Semi-Ordered Permutation Solution in C++

Problem Description

The Semi-Ordered Permutation problem is akin to organizing your sock drawer, but instead, you have a list of numbers from 1 to n that are jumbled up. The objective is to determine how many moves it takes to position the number 1 at the front and the number n at the back.

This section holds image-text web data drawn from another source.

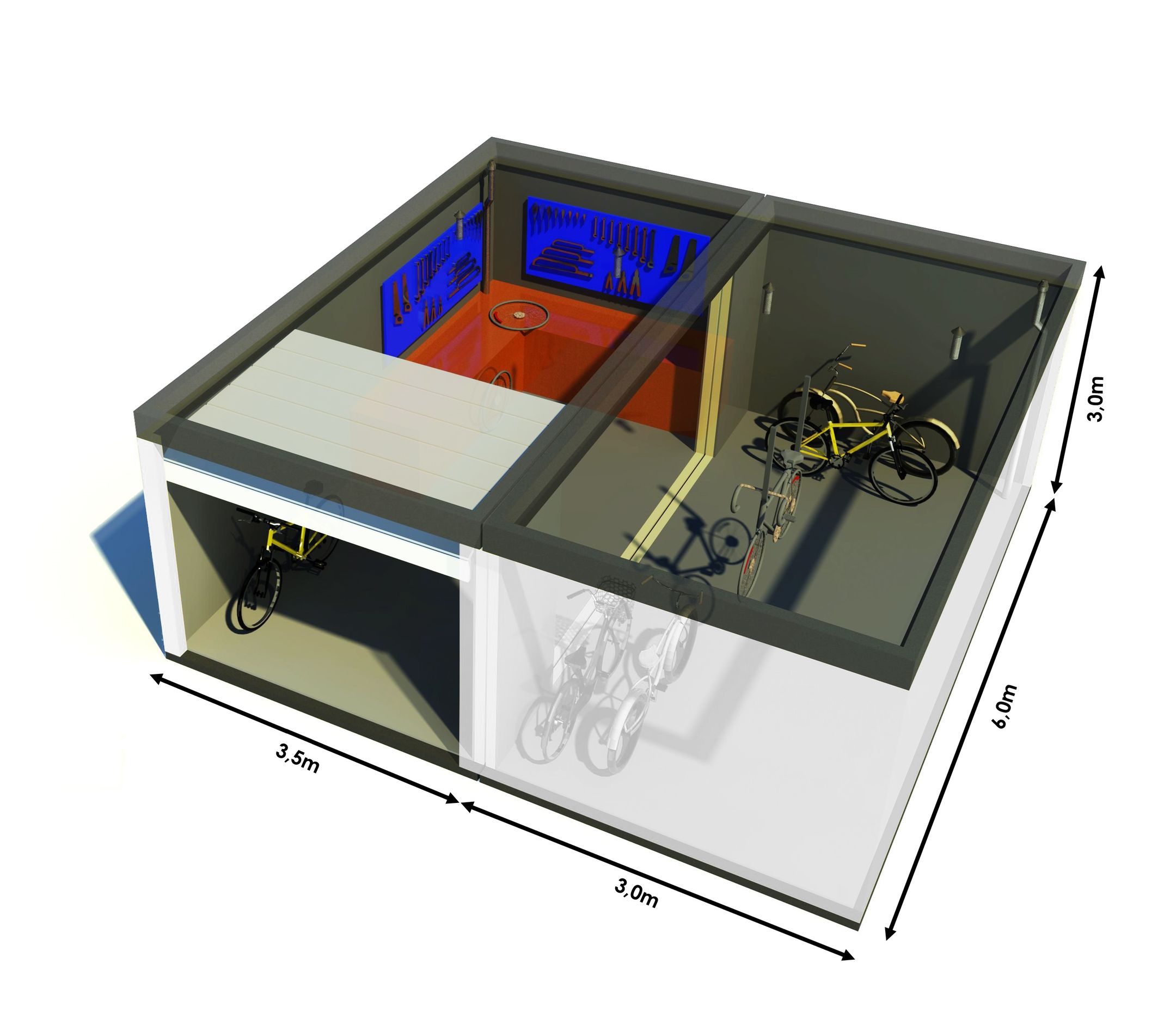 Foto 12 van Buitenbulkweg 2-26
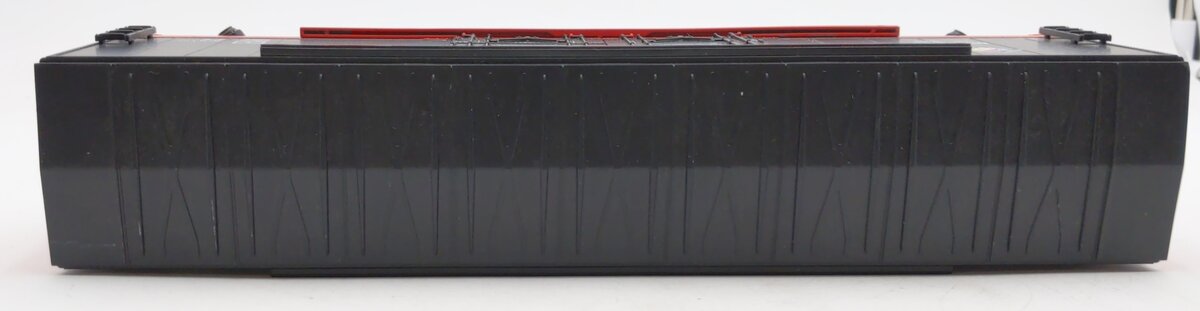 MTH 20-93698 Norfolk Southern First Responders 50' DD Plugged Boxcar #490411 EX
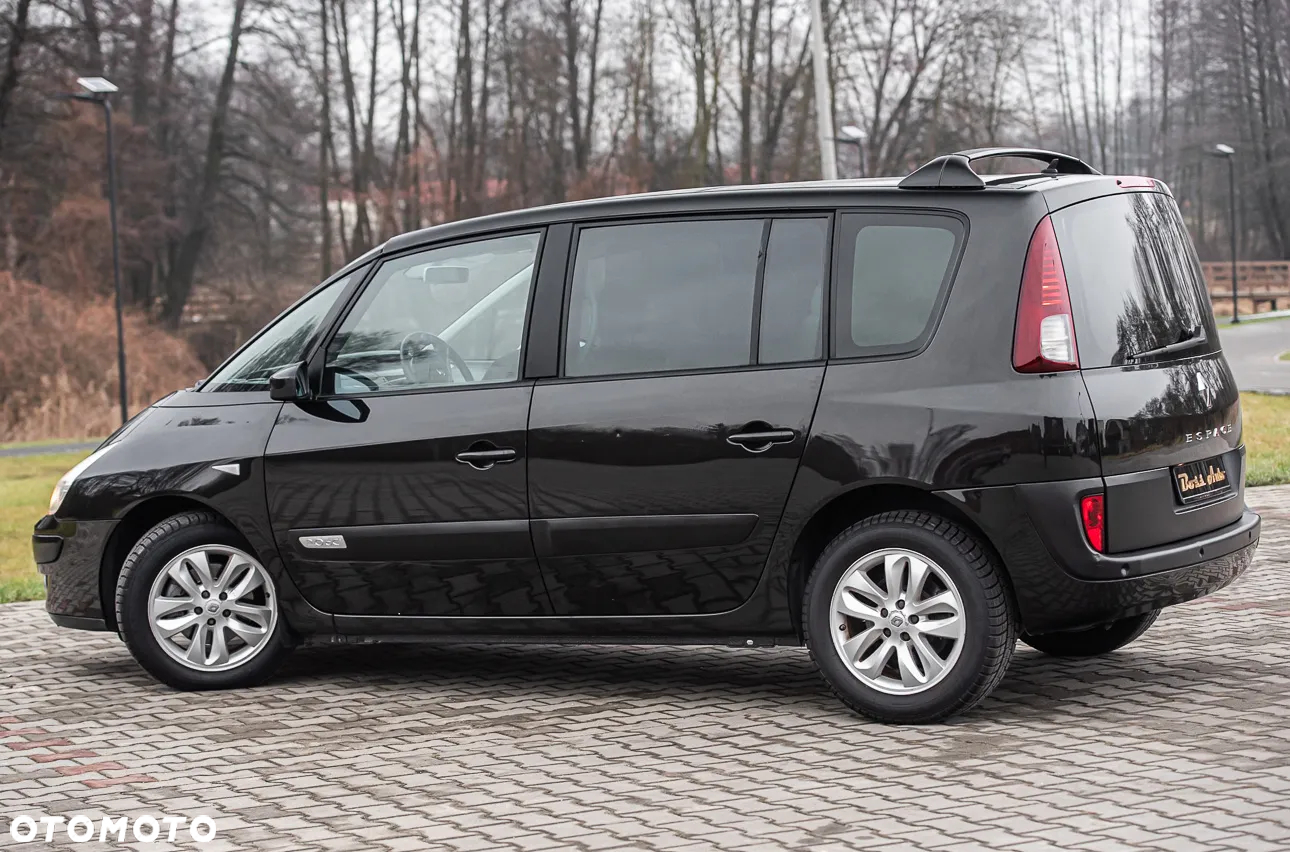Renault Espace 2.0 dCi Dynamique - 10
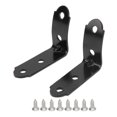 thumbnail image 1 of Kit de soporte de reparación de guantera, accesorios de repuesto para A4 S4 RS4 B6 B7 8E 2001-2008, 1 of 5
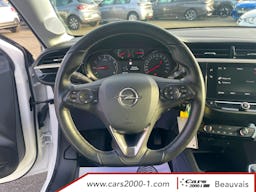 Opel Corsa  1.2 75 ch BVM5 occasion - Photo 14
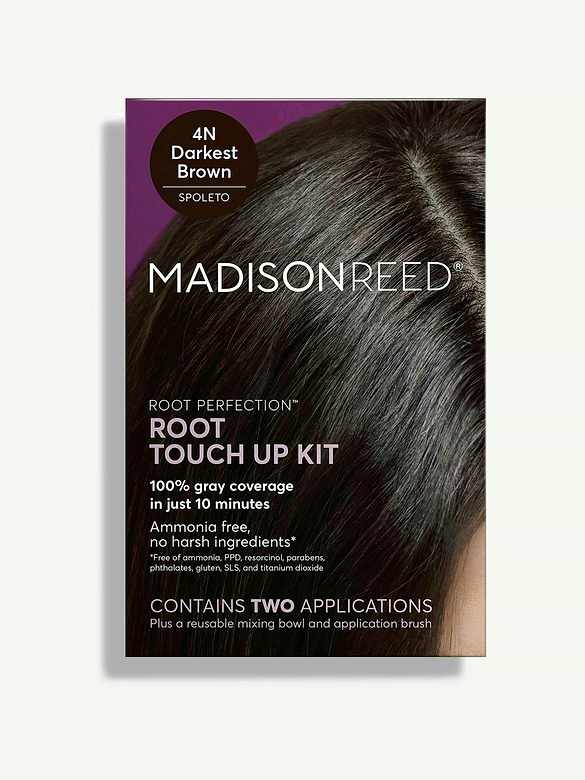 Madison Reed Root Perfection Kit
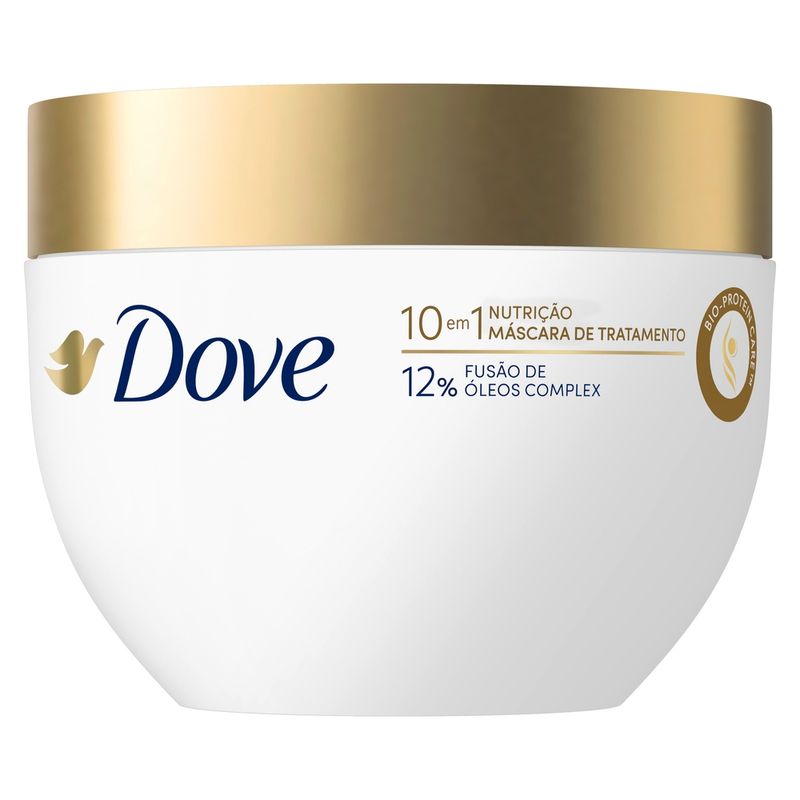 MASCARA-TRAT-DOVE-NUTRICAO-270G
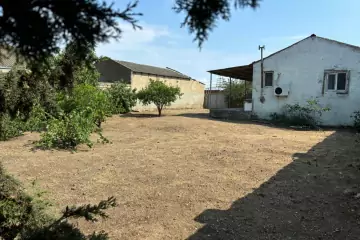 Satılır Həyət Evi Maştağada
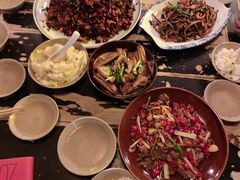 -饭江湖·江湖菜(湖广会馆店)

Imagine you’re at a party, needing to get your friend in a bright red shirt (number 1) to the front of the line, while the guy in the Hawaiian shirt (number n) needs to be at the back. You can only move them around, and you want to do it in the least number of moves possible.

Code Solution


class Solution {
 public:
  int semiOrderedPermutation(vector& nums) {
    const int n = nums.size();
    const int index1 = find(nums.begin(), nums.end(), 1) - nums.begin();
    const int indexN = find(nums.begin(), nums.end(), n) - nums.begin();
    return index1 + (n - 1 - indexN) - (index1 > indexN ? 1 : 0);
  }
};

Approach

The approach is straightforward. First, we find the indices of the numbers 1 and n in the array. Then, we calculate how many moves it takes to get 1 to the front and n to the back. If 1 is ahead of n, we need to subtract one move because moving 1 to the front will also push n back one spot.

Time and Space Complexity

Time Complexity: O(n) – We traverse the list a couple of times to find the indices of 1 and n.
Space Complexity: O(1) – We’re not using any extra space that grows with the input size.

Real-World Example

Consider organizing a concert lineup. You have a list of performers, and you need to get the opening act (number 1) to the stage first and the headliner (number n) to the end of the lineup. You can only swap them around, and you want to do it efficiently. This problem mirrors that scenario!